Skip site navigation (1)Skip section navigation (2)
Date:      Mon, 14 Nov 2011 19:24:31 +0200
From:      Alexander Motin <mav@FreeBSD.org>
To:        Sami Halabi <sodynet1@gmail.com>
Cc:        freebsd-net <freebsd-net@freebsd.org>, David Hooton <david.hooton@platformnetworks.net>
Subject:   Re: MPD LAC Scaling
Message-ID:  <4EC14ECF.6050502@FreeBSD.org>
In-Reply-To: <CAEW%2BogYfnjiQsA1rqJBRfmysnyfn-CLj3WsG68GWJ7et_wjigw@mail.gmail.com>
References:  <4EBDA4B2.6030602@FreeBSD.org> <CAEW%2BogYfnjiQsA1rqJBRfmysnyfn-CLj3WsG68GWJ7et_wjigw@mail.gmail.com>

next in thread | previous in thread | raw e-mail | index | archive | help
On 11/14/11 19:16, Sami Halabi wrote:
> i wonder why not putting all your suggestions on MPD instead of making
> hacks, as I see it its necessary for performance,
> after all MPD is aimed to FBSD only, so its elementary to use ke

I don't understand your question. What hacks are you talking about? You
have some patches? Suggestions are still suggestions, because they
require some work. If somebody do it well, it should be added to MPD.

> 2011/11/12 Alexander Motin <mav@freebsd.org <mailto:mav@freebsd.org>>
>     > I'm currently evaluating MPD as a potential LAC solution for a
>     > project I'm working on.  I'm looking to try and handle at least 4Gbit
>     > and 20,000 sessions worth of PPPoE -> L2TP LAC traffic per server.
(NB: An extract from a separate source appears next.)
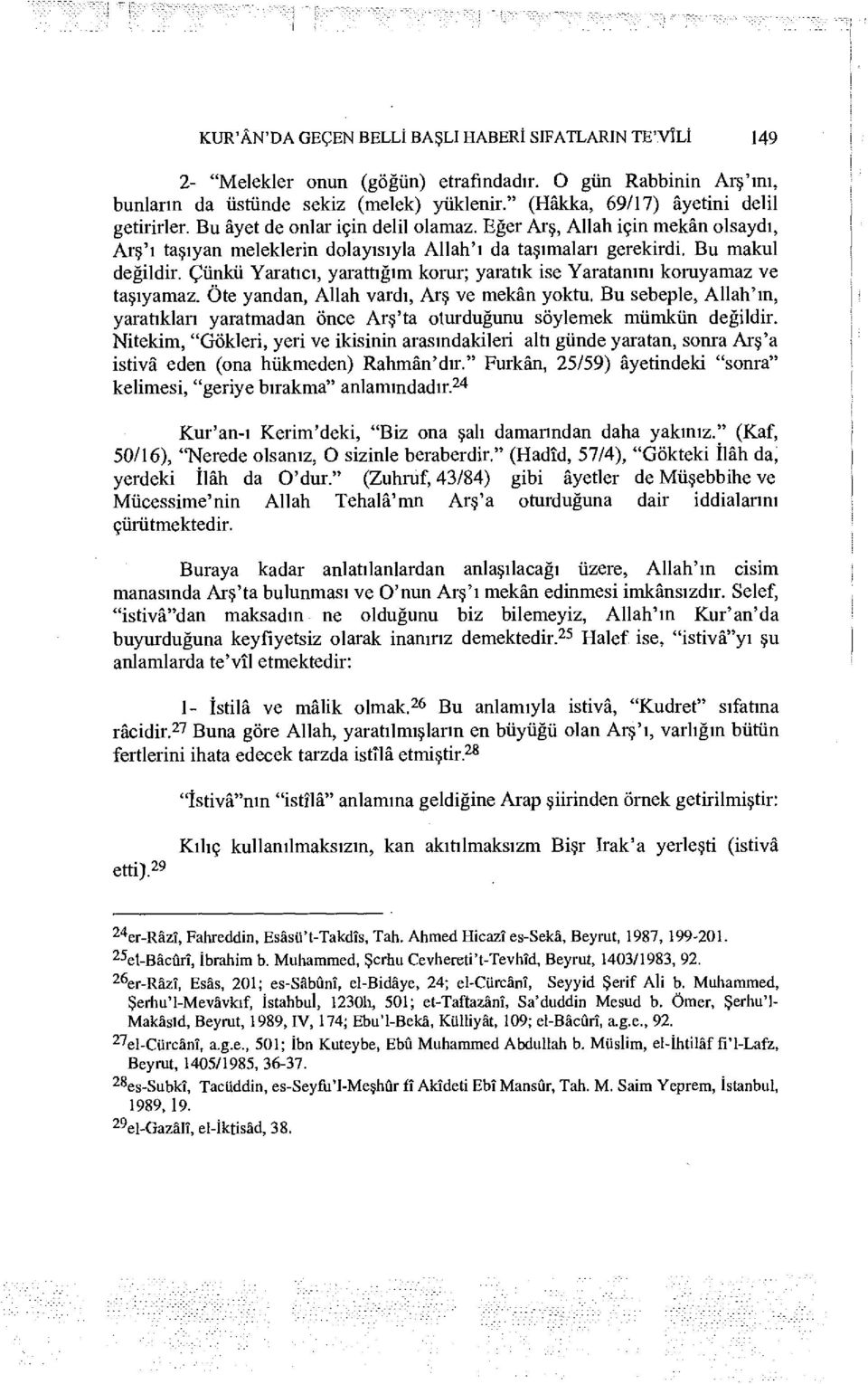 Bu makul değildir. Çünkü Yaratıcı, yarattığım korur; yaratık ise Yaratanını koruyamaz ve taşıyamaz. Öte yandan, Allah vardı, Arş ve mekân yoktu.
>     > The reading I've done from the archives so far seems to indicate that
>     > this has not yet been done.
> 
>     I also haven't heard about so big cases, but also can't say it is
>     theoretically impossible after some tuning and development work. At this
>     point I have neither production/test environment nor much time to
>     actively work on it, but I want to express some experience and ideas in
>     case somebody wants to take that.
> 
>     First, as Julian said, it is not necessary should be one server to
>     handle all load. Cluster of smaller machines should be preferable from
>     many points. PPPoE allows you to have several servers and load-balance
>     them. At this moment MPD can't balance load dynamically, but you can do
>     it manually, limiting number of sessions per one server.
> 
>     As some example point of hardware from personal experience I can say
>     that three years ago mpd5 on 1U servers with single Core2Duo CPUs, 1GB
>     of RAM and two 1Gb NICs (less then $1K that time) handled in production
>     about 2000 PPPoE sessions and 600Mbps of traffic per server, including
>     Netflow generation, per-customer typed traffic shaping and accounting.
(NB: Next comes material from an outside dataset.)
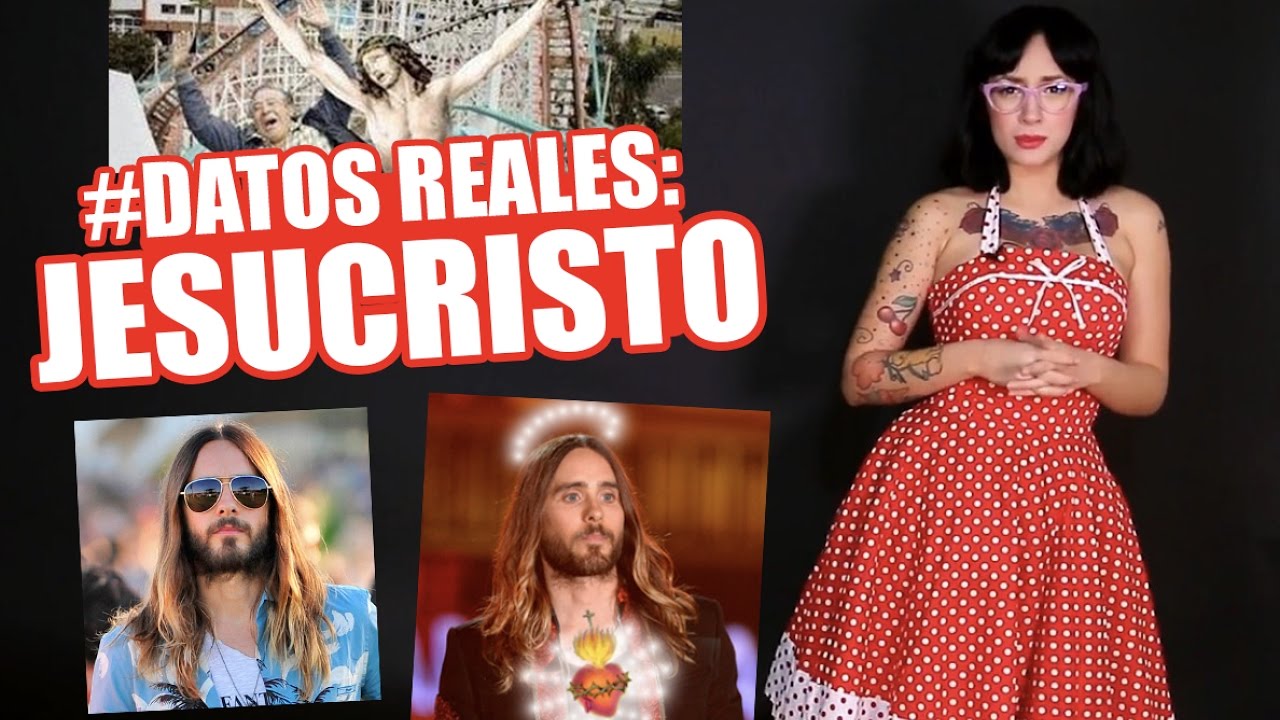 #DatosReales - Jesucristo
>     Modern and more powerful hardware is able to do more.
> 
>     Getting higher numbers there can mostly be split in two questions:
>     getting more traffic and getting more sessions, as limitations are
>     different.
>      - Getting more traffic mostly means scaling kernel Netgraph and
>     networking code to more CPU cores. As soon as Netgraph uses direct
>     function calls when possible, it depends on number of network interrupt
>     threads in system. Three years ago there was only one net SWI thread and
>     setting net.isr.direct=1 while having several NICs in system allowed to
>     distribute load between CPUs. Modern high-level NICs with several MSI-X
>     interrupts should give the same effect. Now it is also possible to have
>     several net SWI threads, but I haven't tested it.
>      - Getting more sessions also means tuning and optimizing user-level mpd
>     daemon. Three years ago on Pentium4-level test machine I've reached
>     about 5K PPPoE sessions with RADIUS auth/acct. Main limiting factor was
>     user-level daemon performance. The more sessions connected, the more
>     overhead daemon had in face of LCP echo requests and event timeouts to
>     handle, number of netgraph kernel sockets to listen, etc. At some point
>     daemon is just unable to handle all new incoming events in time and
>     resending requests by clients causes cumulative effect. So the main
>     limiting factor is not just number of users, but also number of events.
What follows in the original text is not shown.